Led Zeppelin — Led Zeppelin II
Sure, any record by The Beatles, Queen, The Police, Bob Dylan or Led Zeppelin is a very obvious choice for a list like this, since any record by these bands has the potential to change your musical perception when first hearing it. I was 10-years-old when I first heard Led Zeppelin’s second album and it seems to me it became some sort of prototype for my developing musical taste. You need to know that I grew up with the music my parents listened to and until I was 12-years-old, I only listened to stuff produced between 1965 and 1974. The album is a typical “riff-oriented” record, but every song really differs from each other and contributes to the large image of a classic Rock album. All songs are timeless and utterly innovative. You could even call Led Zeppelin II the first real Metal album ever made.
Rush — Hemispheres
Going along the timeline chronologically, Rush is one of the world’s most unique and influential bands. Stellar musicianship can be found on any Rush album and I recommend to check all albums, but the band’s sixth studio album Hemispheres is the most progressive one. Having been a young music nerd and wanna-be musician, this album — and especially the 18-minute long title track — meant heaven to me. Nevertheless, it’s not the progressiveness or the technicality making this album a special one, it’s Rush’s very own approach to resolving musical contradictions. Most other prog albums lack heaviness, whereas many heavy albums lack virtuosity. This record has both, great playing and furious drive. I think Neil Peart’s lyrics are some of the most eloquent ones in Rock history.
Dream Theater — Images and Words
No other album has been more influential to me than Dream Theater’s second effort from 1992. To many people today the name Dream Theater has become synonymous for showing off on your instrument. If you still think this way after having heard Images and Words, you’re just never gonna get it! Every drum fill, very guitar lick, vocal line, bass break or keyboard melody…basically every note on this album is just a synonymous for musical perfection. A song like “Take the time” perfectly combines the heaviness of (old) Metallica and the virtuosity of an instrumental Jazz-Fusion band. If you like variety and great musicianship you will truly love this album.
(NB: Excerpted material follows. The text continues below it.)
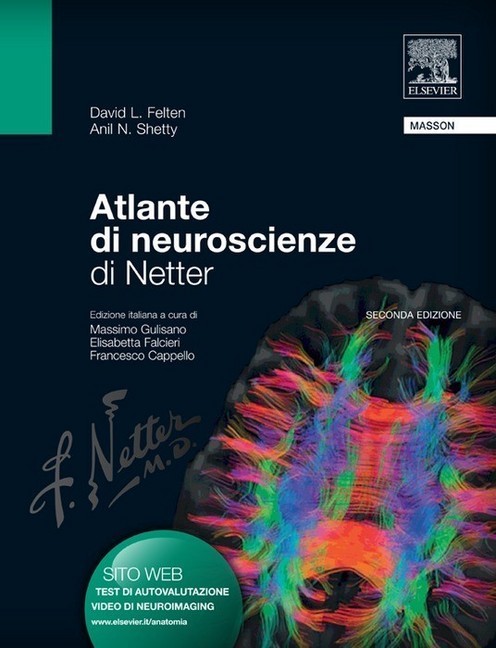 Atlante di neuroscienze di Netter main product photo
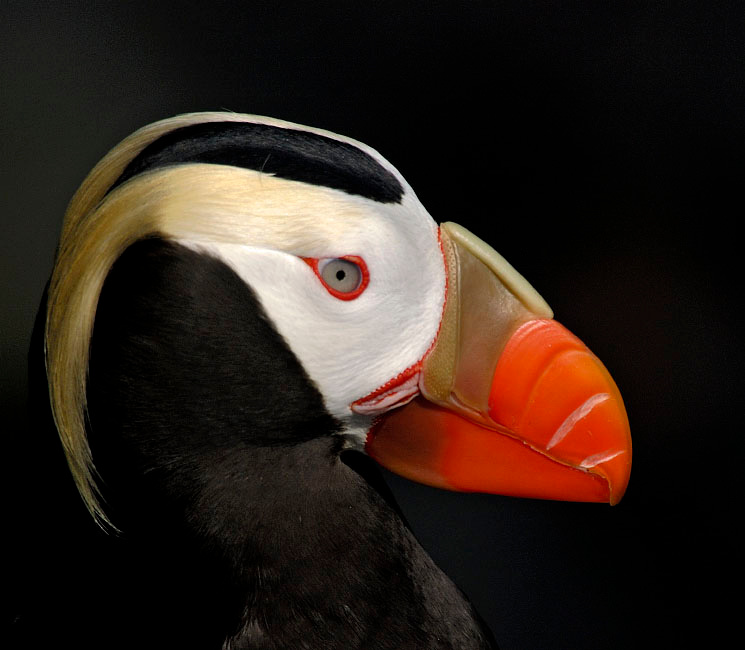 Портрет важного гостя Топорок, Lunda cirrhata, Остров Св. Георгия, о-ва Прибылова, Tufted Puffin, St. George Island, the Pribilofs, Bering Sea, Alaska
Tori Amos — Under the Pink
Maybe Tori Amos is one of those artists you either love or hate. Doubtless she is one of the most personal songwriters around and delivers a musical intensity some of you might perceive as too distressing. Not even speaking about her lyrics in the first place (for instance, the song “Icicle” deals with female masturbation), sometimes Tori uses her voice and the piano to manipulate a song’s dynamic range in a way you certainly do not expect. Coming out of a very quiet part, she suddenly raises her voice and screams out loud. All songs on “Under the pink” are very diverse and each one delivers its own feel. But even if you approve one or two songs only, it will be enough to change your view on music as a whole. Lucky are those who can find access to Tori Amos’ sonic universe, with this album being the best way to immerse oneself in it.
Slayer — Reign in Blood
Aggression is an emotion deeply human and it never has been transformed into music more honest than on Reign in Blood. That’s why I had to pick this album. I know albums, which I like more than this one, but there are certainly few albums being able to compete with the intensity of Slayer’s “soundtrack for the third world war.” The whole album has a running time of 29 minutes, which is way enough, believe me. Every song is fast and forward driven, leaving very little room to breath and relax. Just listening to the first 20 seconds of the opening title “Angel of Death” will make clear: if hell exists, this album most likely is on Satan’s turntable.